"There was some blood that was found inside the vehicle that makes us believe that probably there was an altercation or something that happened in the vehicle, but we're trying now to know if anyone or if anything could help us to find any potential suspect or any description," said Const. Jean-Pierre Brabant.
The impact shows signs it happened at high speed: the taxi is wedged underneath the parked car, the parked car was pushed into a large planter, and a signpost in front of the planter is bent.
Paramedics rushed him to hospital where he was pronounced dead. Police quickly realized it was not the crash that killed him.
“The injuries the man had did not match any injuries of a car accident,” said Montreal police Const. Jean-Pierre Brabant. “It was clear the man was suffering from a weapon injury, so he was probably attacked. We’re trying to see if he was attacked inside or outside the taxi.”
Police won’t confirm what kind of weapon was used.
Denis Laramée of Diamond Taxi said there are many elements to Bouzid’s murder that are unusual.
The driver had picked up a client in Dorval after 11 p.m. when someone phoned the company and asked for a lift. Typically attackers hail cabs; they don’t call them, he explained.
“We got a trip request at 15 to midnight last night, the airport area. He picked up the customer, so it's a call that we have in our call centre. Everything is recorded, everything is available to police,” said Laramée.
"It's pretty odd because first of all, assaults on drivers usually will happen with a knife. They will try to steal their money."
Bouzid’s death is the 28th murder of the year in Montreal.
The latest murder once again raises the issue of whether taxi drivers are safe, particularly when they work in the evenings.
In 2009, Mohammed Nehar-Belair was killed under similar circumstances, after picking up a client late at night.
Taxi driver Rabia Lebcir admitted to working in fear.

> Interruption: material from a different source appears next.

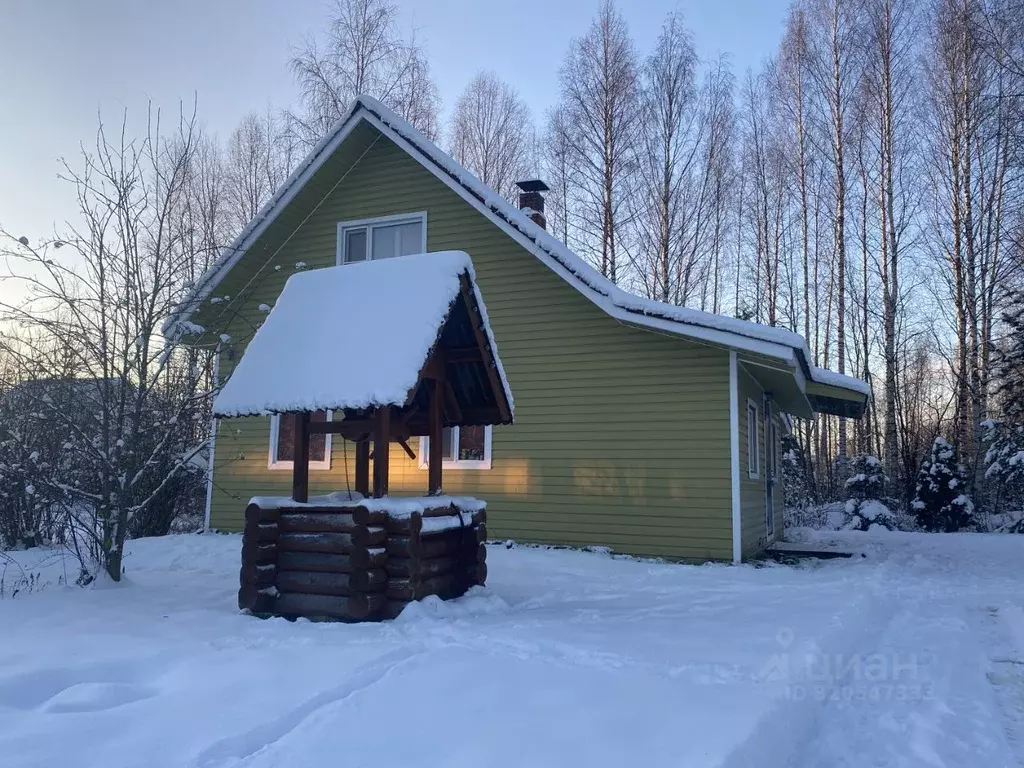 Дом в Вологодская область, с. Устье ул. Радужная, 21 (100 м) - Фото 1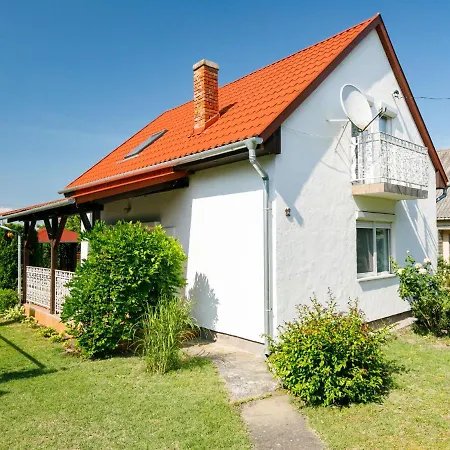 Holiday home Pergola By Interhome Balatonmariafurdo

“You have to choose your neighbourhood or your clientele,” said Lebcir.
Laramee said Diamond Taxi drivers have sophisticated security features inside their cars.
“Every driver has a panic button on his car, and it's there for them, it's a silent alarm that when it's pressed, it will pop up on all of our screens and we'll call 911 and direct the police to his real-time location,” he said.
In this case, it appears Bouzid never had the chance.
"The driver didn't use his panic button," Laramée said.